TASK DIRECTIONS:
In the listing below, the lines starting with the line with "Calvin Klein Boys' Logo-Print Cotton T-Shirt" and going on through the line with "HOOVER CA2IN1D 011 jednoduché ovládání" are to be reproduced exactly, and only those.

PROVIDED DATA:
»»

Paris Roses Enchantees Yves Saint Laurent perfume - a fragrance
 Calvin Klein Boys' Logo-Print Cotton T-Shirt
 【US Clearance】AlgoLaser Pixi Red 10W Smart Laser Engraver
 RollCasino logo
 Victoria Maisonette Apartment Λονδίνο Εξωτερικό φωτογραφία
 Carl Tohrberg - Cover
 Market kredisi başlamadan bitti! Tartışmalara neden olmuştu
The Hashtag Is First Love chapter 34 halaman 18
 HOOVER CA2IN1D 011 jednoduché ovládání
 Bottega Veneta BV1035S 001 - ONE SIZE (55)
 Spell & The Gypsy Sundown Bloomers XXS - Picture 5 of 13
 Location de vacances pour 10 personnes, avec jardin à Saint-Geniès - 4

««

YOUR SOLUTION:
 Calvin Klein Boys' Logo-Print Cotton T-Shirt
 【US Clearance】AlgoLaser Pixi Red 10W Smart Laser Engraver
 RollCasino logo
 Victoria Maisonette Apartment Λονδίνο Εξωτερικό φωτογραφία
 Carl Tohrberg - Cover
 Market kredisi başlamadan bitti! Tartışmalara neden olmuştu
The Hashtag Is First Love chapter 34 halaman 18
 HOOVER CA2IN1D 011 jednoduché ovládání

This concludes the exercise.